ON Team: And then you say, okay, then I'm going to, like, put that line across all forecasts so that you can always check how you stand against that.
Emma: Yeah.
ON Team: Minimum threshold, minimum security. So that's one thing I think that helps a lot. And especially in this, especially when it's not hard coded, but rather calculated, it really helps in the conversations with the region to say, hey, you keep telling me that you need to hundred, but what we see is that you would be okay. With 50. So what are we getting wrong?
Emma: 100%. You like just a derived line based off of the forecast.
ON Team: And these conversations do happen a lot where they say, yeah, but with apac, for example, they say, yeah, but last year it was like, we're growing. They're doubling the business every year. So it's like we're doubling. Plus, there are some assumptions in the plan but weren't reflected. We actually expect even more here. So it would be fantastic to have a tool and say, okay, plug your assumptions, let's see what we get to. And then say, okay, still it's 70, it's not 200, you know. So I think this is a, this is a good case of collaboration. And I think the tool helps have that conversation in a more data driven way. So yeah, I know that we haven't really opened the Palm tool to our regions, so we haven't really let them play with it yet. But we could.
Emma: I think that's a really fun idea. Also, it's substantially overlaid. You can also say that there are assumptions, only they are driven by the forecast. And you can say, hey, show me that overlaid. And you know how.
ON Team: Definitely save save time. Like, even if we don't extend the access to palm to regions even within the meeting, we just run through assumptions together. Boom. And then see the result instead of running manual adjustments. Yes, because this is a process that they own, Emma. The calculation of the cash and their equity level. They own it right now because we also don't have the power, like the capacity to really calculate this. That's why we want to automate that calculation, which Amanda will lead this year. But they're always going to debate it, right? So if we say it's 50 for your entity and they think it's 200, they're going to throw all sorts of arguments at us. And it's just nice to be able to have a tool to say, okay, let's model them. In. And then. So that's a nice use case.
Emma: Love it.
ON Team: And I heard there's no user limit. With film, we can share access before everyone. Yeah, million people.
Emma: Yes.
ON Team: Now we want to be. Want to be careful because we want it to be ready to before we release it. But I think this is a nice way to introduce a tool to them and explain how we forecast, especially for the short term right now, how it happens.
Emma: Of. Course.
ON Team: And then we can check with them.

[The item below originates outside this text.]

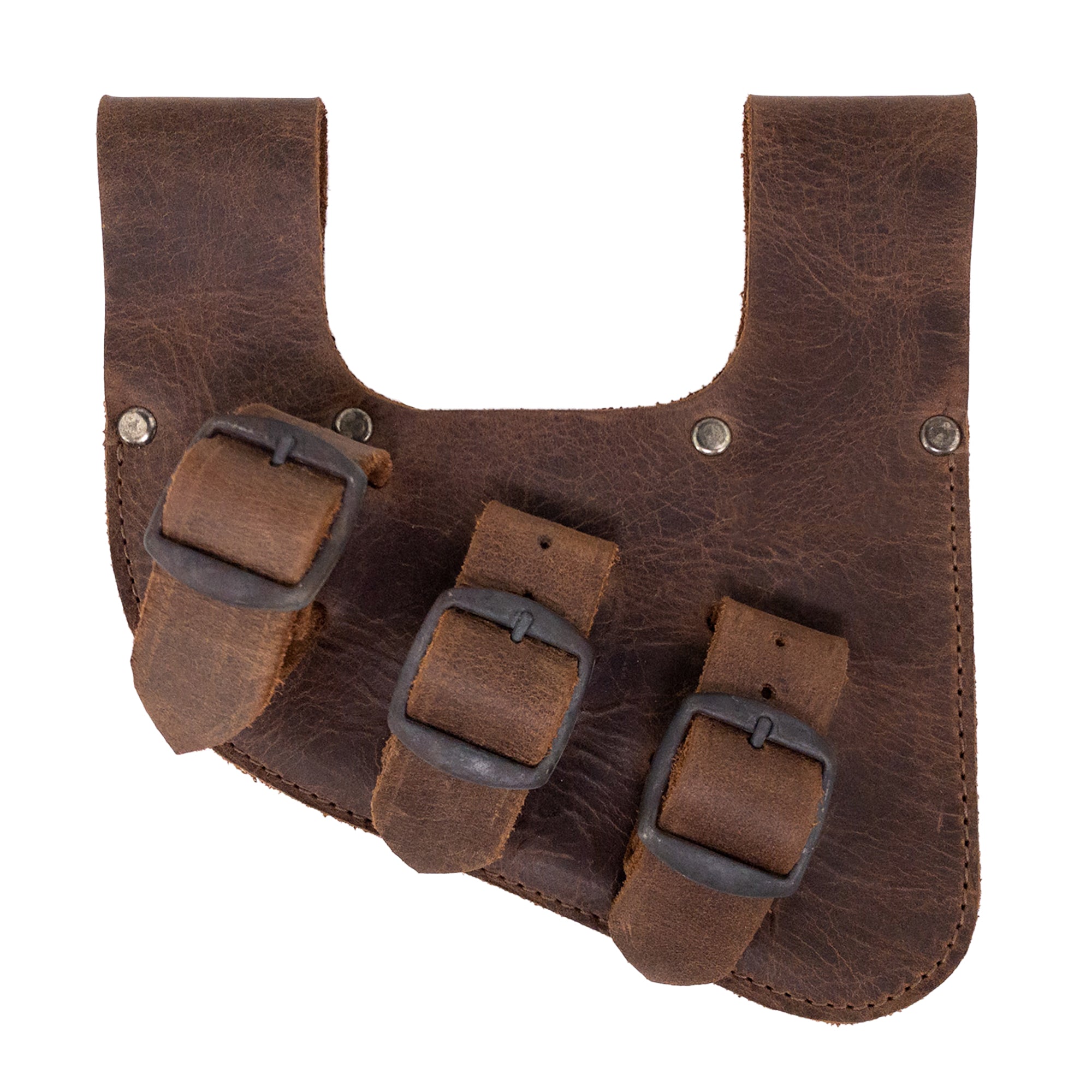 Close-up view of a Medieval Sword Holder with 3 Buckles from Hide & Play, crafted from Full Grain Leather. Perfect for Fantasy Cosplay and as a Historical Costume Accessory. This Sword Holder showcases Small Batch Production techniques, being Hand Cut, Hand Sewn, and Fire Branded by artisans in La Antigua Guatemala & Oaxaca Mexico.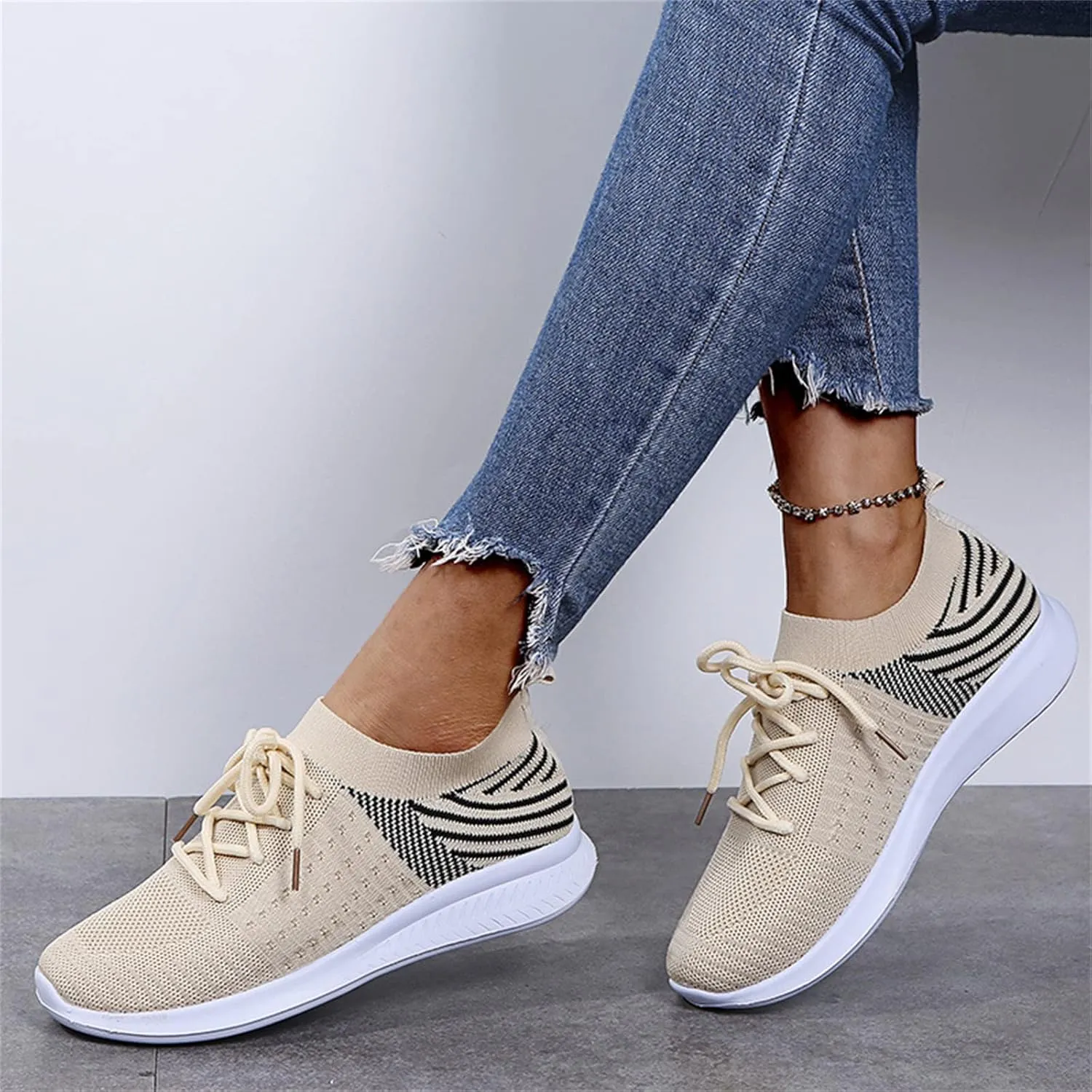 Ladmiple Walking Shoes Women Comfort Slip On Lightweight Sock Sneakers Non Slip Casual Fashion Running Tennis Gym Shoes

Emma: Yeah. It's a very cool idea. I like it. Looking forward to onboarding more on users. It's so cool. All right. Thank you so much for your time today. We will get back to you. On this.
ON Team: Thank you, emma.
Emma: Have a think. 12, top valuable. Like what would make your lives easier? Right now. Given something like this. Given what? Like the entity level category. Maybe some timing chips. Like what would be really helpful. I'll take without. Like, we'll take with us also the overlaying of lines that are calculated based on our forecasts. And all of these things, like the. The buffers. I think that's a really cool idea. But yeah.
ON Team: Perfect. Thank you very much. Thank you. Thank you for your time. By. Thanks.